On Saturday, the Globe and Mail’s style section team put out a list of fashion and design trend predictions for 2010.
On the list are clogs, trench pieces, a graphic eighties influence in home accessories and a movement they call “Anything Goes”:
“If there is a primary trend for 2010, it may be the “untrend.” Now that design and decorating information is available through the click of a mouse, the dictation of design precepts by decorating elites is quickly becoming a thing of the past.”
I’m all for encouraging free expression but the trend of the untrend is a convoluted idea that seems completely at odds with the shared, social media consciousness invading our brains. Trending seems more likely than ever and now there’s a trail of tweets and Facebook posts that follow how the word was spread.
Plus the suggestion that a trend exists because of the astute observations of designers, editors and bloggers alone is just backwards. The style-reporting standard that a writer needs to source three examples of a trend before we can call it one proves that.
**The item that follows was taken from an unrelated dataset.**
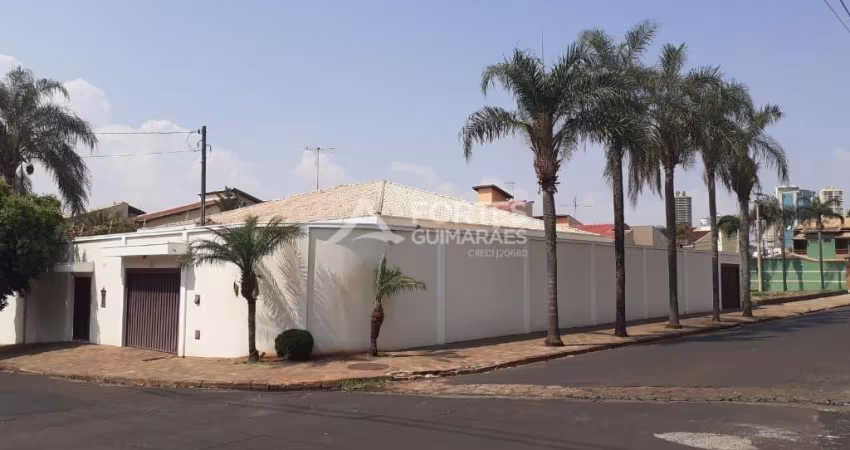 Casa com 3 quartos à venda no Jardim Califórnia, Ribeirão Preto 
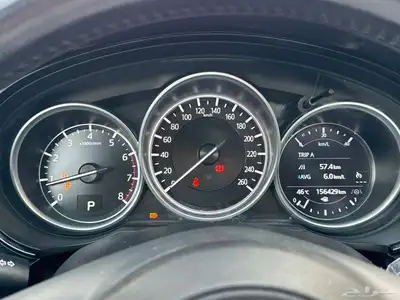 مازدا CX-9 -2022 نص فل 13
If three women show up in a forest wearing ponchos and no one’s there to see them, it still counts.
What is increasingly sketchy is the idea of trend forecasting. I remember sitting in on a forecasting seminar aimed at fashion designers who vigorously flipped through trend data books full of last season’s runway shots arranged under arbitrary headings like “Laser Sharp” and “Flower Bomb”. They all scribbled down ideas for next season’s collections. Can you say self-fulfilling prophecy?
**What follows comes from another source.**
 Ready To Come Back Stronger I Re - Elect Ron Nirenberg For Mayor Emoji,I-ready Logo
I do think there’s a rogue spirit inspiring designers these days and the first instance I found was in a post by FinalFashion.ca blogger and illustrator Danielle Meder. She, along with designers Jamil Juma and Ashley Rowe, question the value of the runway for young labels who now have a multitude of other, more modern options for marketing a collection.
Call this movement the un-fashion show but don’t call it a trend yet. We have to find two more examples before its official. [rssbreak]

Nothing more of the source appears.